The 2020 portion of AWS re:Invent came to a close this week, ending with an emphasis on preparing for the unexpected and navigating the current realities of the world.
Amazon CTO and vice president Werner Vogels gave the closing keynote in what has become a sort of annual counterbalance to AWS CEO Andy Jassy's talk. Jassy delivers a more polished, rapid-fire sales pitch on the value of choosing AWS, while Vogels takes a more systematic and deliberate approach focused on best practices for those already on the platform.
There was also some news in week three, especially around IoT. And while it was supposed to be the last week of the conference, AWS announced plans to add another round of virtual sessions that will run Jan. 12 to Jan. 14. However, don't expect this addendum of content to include any major service announcements, keynotes or leadership sessions.
In this third and final re:Invent recap -- you can find the first two recaps here and here -- we'll go over Vogels' keynote and the news, and share some insights from two other company leaders on the latest from AWS.
While Vogels did make several service announcements, his keynote was largely a call to action. He advised customers to be more efficient with their cloud resources in order to reduce their carbon footprint. He also urged developers to be mindful of their users and the uncertainties and hardships they might be facing.
He used examples of children doing schoolwork in parking lots because they lack decent internet connections at home. Applications that are essential services should be designed so they still work on low bandwidth, high latency connections, he said.
"We as developers have a responsibility to our customers to build the best applications we can for them in ways that take the current reality very seriously," Vogels said.
He also spoke extensively about the need to design robust, dependable applications. IT teams must be able to deal with changes -- foreseeable and unforeseen, Vogels said.
Vogels reiterated past points about the importance of logs and metrics, and he used that as a springboard to discuss the growing focus on observability and the need to see the signals of failure before they happen.

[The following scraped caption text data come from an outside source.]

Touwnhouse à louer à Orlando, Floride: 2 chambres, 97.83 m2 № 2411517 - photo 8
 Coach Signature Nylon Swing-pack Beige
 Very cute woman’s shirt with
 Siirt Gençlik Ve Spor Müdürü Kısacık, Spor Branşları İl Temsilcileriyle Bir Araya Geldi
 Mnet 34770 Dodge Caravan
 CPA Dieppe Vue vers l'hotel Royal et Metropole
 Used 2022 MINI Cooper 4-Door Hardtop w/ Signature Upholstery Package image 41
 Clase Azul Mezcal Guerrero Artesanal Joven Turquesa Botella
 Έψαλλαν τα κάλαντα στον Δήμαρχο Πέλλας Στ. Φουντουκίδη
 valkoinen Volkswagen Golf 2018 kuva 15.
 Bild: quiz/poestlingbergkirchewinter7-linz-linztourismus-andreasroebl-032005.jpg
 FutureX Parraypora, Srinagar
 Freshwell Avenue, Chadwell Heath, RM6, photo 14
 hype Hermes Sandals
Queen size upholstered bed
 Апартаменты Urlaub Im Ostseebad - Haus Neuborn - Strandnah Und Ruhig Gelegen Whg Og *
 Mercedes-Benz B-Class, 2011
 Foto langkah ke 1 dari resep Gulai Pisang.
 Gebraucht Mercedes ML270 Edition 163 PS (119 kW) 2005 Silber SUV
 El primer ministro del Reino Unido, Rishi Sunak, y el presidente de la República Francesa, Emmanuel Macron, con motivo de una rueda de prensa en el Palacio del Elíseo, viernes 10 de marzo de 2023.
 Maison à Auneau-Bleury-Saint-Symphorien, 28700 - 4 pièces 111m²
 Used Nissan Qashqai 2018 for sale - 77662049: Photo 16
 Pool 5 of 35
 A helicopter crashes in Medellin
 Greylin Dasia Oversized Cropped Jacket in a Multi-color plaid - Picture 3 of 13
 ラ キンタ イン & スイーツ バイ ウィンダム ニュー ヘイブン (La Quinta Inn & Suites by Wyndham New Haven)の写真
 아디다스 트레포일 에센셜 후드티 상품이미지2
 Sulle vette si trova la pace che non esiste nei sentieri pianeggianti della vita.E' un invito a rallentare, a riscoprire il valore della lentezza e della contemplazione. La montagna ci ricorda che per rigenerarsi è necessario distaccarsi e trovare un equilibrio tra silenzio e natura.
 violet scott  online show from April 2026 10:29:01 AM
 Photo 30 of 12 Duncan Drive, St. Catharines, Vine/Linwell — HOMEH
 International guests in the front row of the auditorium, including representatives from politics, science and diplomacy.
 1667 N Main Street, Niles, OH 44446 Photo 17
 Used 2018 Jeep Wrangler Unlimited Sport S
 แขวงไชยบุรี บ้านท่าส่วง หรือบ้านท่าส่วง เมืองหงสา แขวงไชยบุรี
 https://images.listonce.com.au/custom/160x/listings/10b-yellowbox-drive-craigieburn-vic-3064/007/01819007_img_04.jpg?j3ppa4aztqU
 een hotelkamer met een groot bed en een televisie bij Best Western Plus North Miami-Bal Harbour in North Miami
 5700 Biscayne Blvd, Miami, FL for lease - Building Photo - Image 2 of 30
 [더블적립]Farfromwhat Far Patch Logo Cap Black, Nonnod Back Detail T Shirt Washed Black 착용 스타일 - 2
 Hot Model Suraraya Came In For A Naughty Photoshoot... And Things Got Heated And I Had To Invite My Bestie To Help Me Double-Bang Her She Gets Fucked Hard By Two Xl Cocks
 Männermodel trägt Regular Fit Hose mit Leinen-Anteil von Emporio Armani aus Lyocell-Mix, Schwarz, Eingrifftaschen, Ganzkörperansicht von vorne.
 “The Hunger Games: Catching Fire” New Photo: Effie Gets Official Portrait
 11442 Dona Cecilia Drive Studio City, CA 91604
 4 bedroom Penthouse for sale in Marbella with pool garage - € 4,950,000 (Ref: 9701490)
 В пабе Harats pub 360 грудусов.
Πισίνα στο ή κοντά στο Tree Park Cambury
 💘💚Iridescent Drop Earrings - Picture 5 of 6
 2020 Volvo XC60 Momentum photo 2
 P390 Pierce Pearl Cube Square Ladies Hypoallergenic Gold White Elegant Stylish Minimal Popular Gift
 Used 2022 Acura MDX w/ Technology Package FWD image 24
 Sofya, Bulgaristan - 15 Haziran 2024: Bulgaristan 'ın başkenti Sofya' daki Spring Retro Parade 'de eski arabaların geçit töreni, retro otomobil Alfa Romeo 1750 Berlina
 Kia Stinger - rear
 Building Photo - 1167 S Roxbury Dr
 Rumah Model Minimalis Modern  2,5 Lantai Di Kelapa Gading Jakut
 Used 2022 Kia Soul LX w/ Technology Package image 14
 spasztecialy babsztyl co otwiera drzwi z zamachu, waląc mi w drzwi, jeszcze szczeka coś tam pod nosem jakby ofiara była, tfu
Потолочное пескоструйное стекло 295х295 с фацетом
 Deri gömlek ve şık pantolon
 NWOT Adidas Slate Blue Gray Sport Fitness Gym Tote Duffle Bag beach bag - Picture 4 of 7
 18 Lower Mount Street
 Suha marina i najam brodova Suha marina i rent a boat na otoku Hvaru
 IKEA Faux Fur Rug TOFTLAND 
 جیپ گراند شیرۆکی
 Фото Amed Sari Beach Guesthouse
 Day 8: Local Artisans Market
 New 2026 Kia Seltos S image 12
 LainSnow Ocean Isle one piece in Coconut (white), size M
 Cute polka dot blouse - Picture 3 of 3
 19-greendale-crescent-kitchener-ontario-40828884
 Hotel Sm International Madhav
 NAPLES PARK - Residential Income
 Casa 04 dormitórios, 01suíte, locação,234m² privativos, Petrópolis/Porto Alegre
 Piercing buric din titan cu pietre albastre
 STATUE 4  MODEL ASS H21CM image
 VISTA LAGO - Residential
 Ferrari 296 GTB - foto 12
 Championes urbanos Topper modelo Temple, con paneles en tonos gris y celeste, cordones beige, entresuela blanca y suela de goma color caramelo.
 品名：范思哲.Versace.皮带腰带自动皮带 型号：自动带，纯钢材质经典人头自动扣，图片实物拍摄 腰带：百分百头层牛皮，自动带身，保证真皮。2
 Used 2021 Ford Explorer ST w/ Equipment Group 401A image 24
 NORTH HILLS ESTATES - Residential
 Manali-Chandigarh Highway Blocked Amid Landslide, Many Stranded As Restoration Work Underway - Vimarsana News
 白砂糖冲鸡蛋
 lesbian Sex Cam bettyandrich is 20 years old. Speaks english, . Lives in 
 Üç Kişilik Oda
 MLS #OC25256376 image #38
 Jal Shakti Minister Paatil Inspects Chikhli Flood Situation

He also discussed how AWS uses fault injections to find unreliable unknowns through a process known as fuzzing, and he highlighted a service coming in 2021, AWS Fault Injection Simulator (FIS) that will run controlled chaos engineering experiments on users' applications.
Experience with infrequent but critical events could also improve application performance, because IT teams will learn about blind spots that are missed in monitoring and alarms, Vogels said.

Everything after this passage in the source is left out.